Assessing a model’s parsimony introduces many nontrivial issues.
For example, it is not clear whether parsimony should be a property of the model itself or of the model relative to the data it describes (e.g., number of parameters is typically a property of the model independent of the data, while the effective number of parameters is a relative property).
Moreover, depending on the context, one may want to evaluate the parsimony of a class of models or of a specific model instance (i.e., a model with its structure and parameter values fixed).
A related concern is when parsimony should be estimated—before or after the model is fitted to data.
Finally, when counting components or constraints of a model, it is often unclear what exactly counts as a component or constraint. For example, one might have to decide how abstract the components could be or whether nodes, root causes, or variables constitute independent components.
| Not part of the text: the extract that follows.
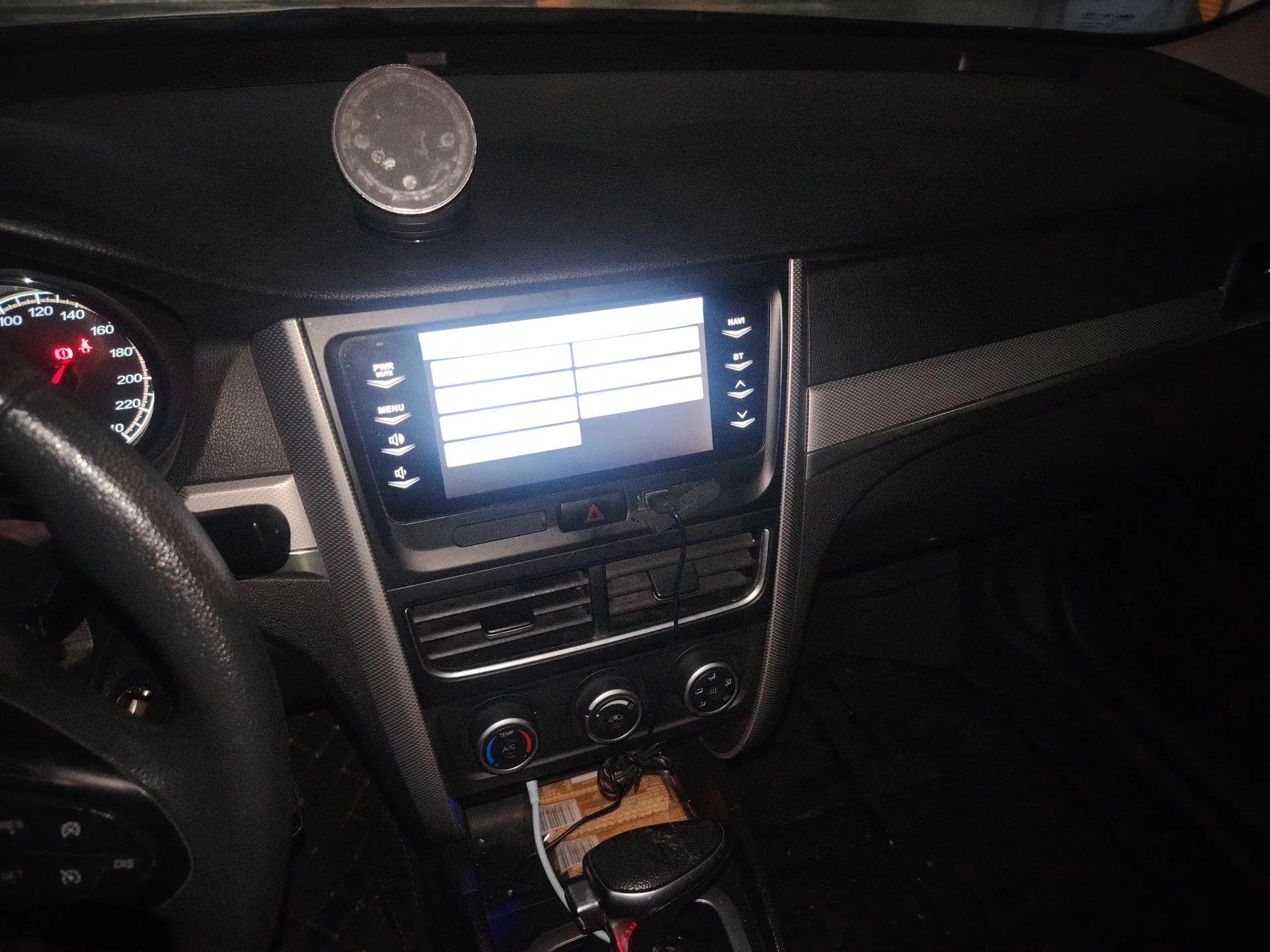 Bestune B30 2016 1.6L Automatic Luxury Model — миниатюра 14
Another significant challenge involves choosing a way to integrate parsimony into the scientific modeling process. In many formal procedures, parsimony trades off with goodness of fit or it is used as a tie-breaker when choosing between two models that otherwise perform equally well.
More informally, parsimony is often a key consideration when scientists choose a model to start with; for example, they might prefer to start with a minimal causal model that only contains one key variable, and only expand this model if there is sufficient evidence that additional variables are at play. In real-world applications, the evaluation and value of parsimony depend on how it is defined, instantiated, and incorporated into the scientific modeling process.

“Some models are useful,
but how do we know which ones?”

–Bürkner, Scholz & Radev, 2023

Complexity and Parsimony as Complementary Principles

Parsimonious and complex models can be combined in scientific practice, often playing different roles at different stages of the scientific process. Traditionally, new ideas are introduced with models that are deliberately simple; application to data then leads to the discovery of new phenomena, which requires that the original models be adjusted and expanded in particular ways. One example of this is the gradual development of sequential sampling models for speeded response time tasks in cognitive psychology. The initial model was relatively bare-bones, and it was gradually expanded by adding new processes (and associated parameters). Because the simple model could have been expanded in numerous ways, it would have been mere guesswork to propose any particular expansion before the availability of data to provide the proper guidance.

The appropriate role for parsimony in the modeling process depends not only on the modeler’s goals and context, but on science itself: Advances in statistics, computer science, cognitive science, and other fields continue to both refine and challenge our understanding of when, how, and in what ways parsimony facilitates or hinders scientific progress.
Despite centuries of research since Ockham’s famous invocation of the principle of parsimony 700 y ago, this paper has highlighted that there remain many open questions and unexplored nuances of the principle of parsimony.
We expect the principle of parsimony to both facilitate the evolution of and evolve alongside science itself.